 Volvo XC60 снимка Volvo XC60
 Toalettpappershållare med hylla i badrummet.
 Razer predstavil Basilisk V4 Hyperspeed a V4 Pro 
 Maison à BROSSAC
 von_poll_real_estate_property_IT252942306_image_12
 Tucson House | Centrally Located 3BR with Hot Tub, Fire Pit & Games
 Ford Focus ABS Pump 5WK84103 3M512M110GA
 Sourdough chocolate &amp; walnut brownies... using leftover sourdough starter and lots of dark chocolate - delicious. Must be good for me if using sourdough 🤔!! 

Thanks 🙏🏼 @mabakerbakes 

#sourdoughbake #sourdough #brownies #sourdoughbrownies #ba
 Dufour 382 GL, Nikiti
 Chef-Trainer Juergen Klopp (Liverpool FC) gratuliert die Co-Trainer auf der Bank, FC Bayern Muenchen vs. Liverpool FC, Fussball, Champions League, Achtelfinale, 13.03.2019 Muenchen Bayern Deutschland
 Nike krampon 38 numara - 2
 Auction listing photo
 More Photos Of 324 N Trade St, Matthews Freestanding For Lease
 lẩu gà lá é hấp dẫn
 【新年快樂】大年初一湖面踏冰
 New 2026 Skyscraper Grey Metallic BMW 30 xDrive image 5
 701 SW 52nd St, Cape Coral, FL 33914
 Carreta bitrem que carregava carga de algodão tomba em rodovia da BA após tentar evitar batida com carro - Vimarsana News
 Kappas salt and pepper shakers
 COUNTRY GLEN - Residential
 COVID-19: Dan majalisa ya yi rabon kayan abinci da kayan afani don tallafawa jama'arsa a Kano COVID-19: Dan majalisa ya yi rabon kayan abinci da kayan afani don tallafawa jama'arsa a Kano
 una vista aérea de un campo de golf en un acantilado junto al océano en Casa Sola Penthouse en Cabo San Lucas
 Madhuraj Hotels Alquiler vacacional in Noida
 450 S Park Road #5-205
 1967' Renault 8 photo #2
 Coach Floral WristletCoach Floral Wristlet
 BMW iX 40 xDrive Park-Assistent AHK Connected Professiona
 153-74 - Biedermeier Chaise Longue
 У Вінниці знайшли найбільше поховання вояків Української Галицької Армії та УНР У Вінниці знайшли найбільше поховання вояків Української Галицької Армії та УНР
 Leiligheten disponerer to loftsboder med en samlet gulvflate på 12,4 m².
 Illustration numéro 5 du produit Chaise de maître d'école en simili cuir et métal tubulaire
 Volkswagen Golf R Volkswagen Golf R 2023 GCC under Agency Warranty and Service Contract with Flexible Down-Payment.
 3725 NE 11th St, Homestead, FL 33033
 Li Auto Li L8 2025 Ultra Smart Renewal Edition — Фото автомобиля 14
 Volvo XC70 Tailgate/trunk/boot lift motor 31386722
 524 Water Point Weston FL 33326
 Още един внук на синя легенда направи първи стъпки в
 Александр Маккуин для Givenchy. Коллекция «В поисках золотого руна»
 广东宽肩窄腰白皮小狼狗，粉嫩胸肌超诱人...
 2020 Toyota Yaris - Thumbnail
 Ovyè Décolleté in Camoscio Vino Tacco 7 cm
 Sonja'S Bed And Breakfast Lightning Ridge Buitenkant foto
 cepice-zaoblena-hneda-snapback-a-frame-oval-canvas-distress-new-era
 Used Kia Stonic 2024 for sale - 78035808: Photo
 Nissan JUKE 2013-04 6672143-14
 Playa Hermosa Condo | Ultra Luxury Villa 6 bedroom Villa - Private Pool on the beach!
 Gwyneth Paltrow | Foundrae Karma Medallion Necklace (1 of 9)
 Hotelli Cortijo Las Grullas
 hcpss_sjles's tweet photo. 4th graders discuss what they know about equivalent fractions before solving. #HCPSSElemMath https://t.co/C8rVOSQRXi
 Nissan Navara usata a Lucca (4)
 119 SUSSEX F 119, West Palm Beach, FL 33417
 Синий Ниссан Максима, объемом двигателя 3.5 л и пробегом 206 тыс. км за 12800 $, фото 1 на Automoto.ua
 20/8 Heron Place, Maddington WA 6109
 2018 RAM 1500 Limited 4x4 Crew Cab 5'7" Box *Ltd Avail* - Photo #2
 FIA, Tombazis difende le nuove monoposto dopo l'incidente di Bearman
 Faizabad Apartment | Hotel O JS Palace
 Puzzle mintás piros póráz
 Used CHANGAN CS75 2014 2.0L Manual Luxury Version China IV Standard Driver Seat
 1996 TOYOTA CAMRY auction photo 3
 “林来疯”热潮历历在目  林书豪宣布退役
══════
Exercise = Recopy all the entries faithfully, leaving none out.

Completed exercise =
 Volvo XC60 снимка Volvo XC60
 Toalettpappershållare med hylla i badrummet.
 Razer predstavil Basilisk V4 Hyperspeed a V4 Pro 
 Maison à BROSSAC
 von_poll_real_estate_property_IT252942306_image_12
 Tucson House | Centrally Located 3BR with Hot Tub, Fire Pit & Games
 Ford Focus ABS Pump 5WK84103 3M512M110GA
 Sourdough chocolate &amp; walnut brownies... using leftover sourdough starter and lots of dark chocolate - delicious. Must be good for me if using sourdough 🤔!! 

Thanks 🙏🏼 @mabakerbakes 

#sourdoughbake #sourdough #brownies #sourdoughbrownies #ba
 Dufour 382 GL, Nikiti
 Chef-Trainer Juergen Klopp (Liverpool FC) gratuliert die Co-Trainer auf der Bank, FC Bayern Muenchen vs. Liverpool FC, Fussball, Champions League, Achtelfinale, 13.03.2019 Muenchen Bayern Deutschland
 Nike krampon 38 numara - 2
 Auction listing photo
 More Photos Of 324 N Trade St, Matthews Freestanding For Lease
 lẩu gà lá é hấp dẫn
 【新年快樂】大年初一湖面踏冰
 New 2026 Skyscraper Grey Metallic BMW 30 xDrive image 5
 701 SW 52nd St, Cape Coral, FL 33914
 Carreta bitrem que carregava carga de algodão tomba em rodovia da BA após tentar evitar batida com carro - Vimarsana News
 Kappas salt and pepper shakers
 COUNTRY GLEN - Residential
 COVID-19: Dan majalisa ya yi rabon kayan abinci da kayan afani don tallafawa jama'arsa a Kano COVID-19: Dan majalisa ya yi rabon kayan abinci da kayan afani don tallafawa jama'arsa a Kano
 una vista aérea de un campo de golf en un acantilado junto al océano en Casa Sola Penthouse en Cabo San Lucas
 Madhuraj Hotels Alquiler vacacional in Noida
 450 S Park Road #5-205
 1967' Renault 8 photo #2
 Coach Floral WristletCoach Floral Wristlet
 BMW iX 40 xDrive Park-Assistent AHK Connected Professiona
 153-74 - Biedermeier Chaise Longue
 У Вінниці знайшли найбільше поховання вояків Української Галицької Армії та УНР У Вінниці знайшли найбільше поховання вояків Української Галицької Армії та УНР
 Leiligheten disponerer to loftsboder med en samlet gulvflate på 12,4 m².
 Illustration numéro 5 du produit Chaise de maître d'école en simili cuir et métal tubulaire
 Volkswagen Golf R Volkswagen Golf R 2023 GCC under Agency Warranty and Service Contract with Flexible Down-Payment.
 3725 NE 11th St, Homestead, FL 33033
 Li Auto Li L8 2025 Ultra Smart Renewal Edition — Фото автомобиля 14
 Volvo XC70 Tailgate/trunk/boot lift motor 31386722
 524 Water Point Weston FL 33326
 Още един внук на синя легенда направи първи стъпки в
 Александр Маккуин для Givenchy. Коллекция «В поисках золотого руна»
 广东宽肩窄腰白皮小狼狗，粉嫩胸肌超诱人...
 2020 Toyota Yaris - Thumbnail
 Ovyè Décolleté in Camoscio Vino Tacco 7 cm
 Sonja'S Bed And Breakfast Lightning Ridge Buitenkant foto
 cepice-zaoblena-hneda-snapback-a-frame-oval-canvas-distress-new-era
 Used Kia Stonic 2024 for sale - 78035808: Photo
 Nissan JUKE 2013-04 6672143-14
 Playa Hermosa Condo | Ultra Luxury Villa 6 bedroom Villa - Private Pool on the beach!
 Gwyneth Paltrow | Foundrae Karma Medallion Necklace (1 of 9)
 Hotelli Cortijo Las Grullas
 hcpss_sjles's tweet photo. 4th graders discuss what they know about equivalent fractions before solving. #HCPSSElemMath https://t.co/C8rVOSQRXi
 Nissan Navara usata a Lucca (4)
 119 SUSSEX F 119, West Palm Beach, FL 33417
 Синий Ниссан Максима, объемом двигателя 3.5 л и пробегом 206 тыс. км за 12800 $, фото 1 на Automoto.ua
 20/8 Heron Place, Maddington WA 6109
 2018 RAM 1500 Limited 4x4 Crew Cab 5'7" Box *Ltd Avail* - Photo #2
 FIA, Tombazis difende le nuove monoposto dopo l'incidente di Bearman
 Faizabad Apartment | Hotel O JS Palace
 Puzzle mintás piros póráz
 Used CHANGAN CS75 2014 2.0L Manual Luxury Version China IV Standard Driver Seat
 1996 TOYOTA CAMRY auction photo 3
 “林来疯”热潮历历在目  林书豪宣布退役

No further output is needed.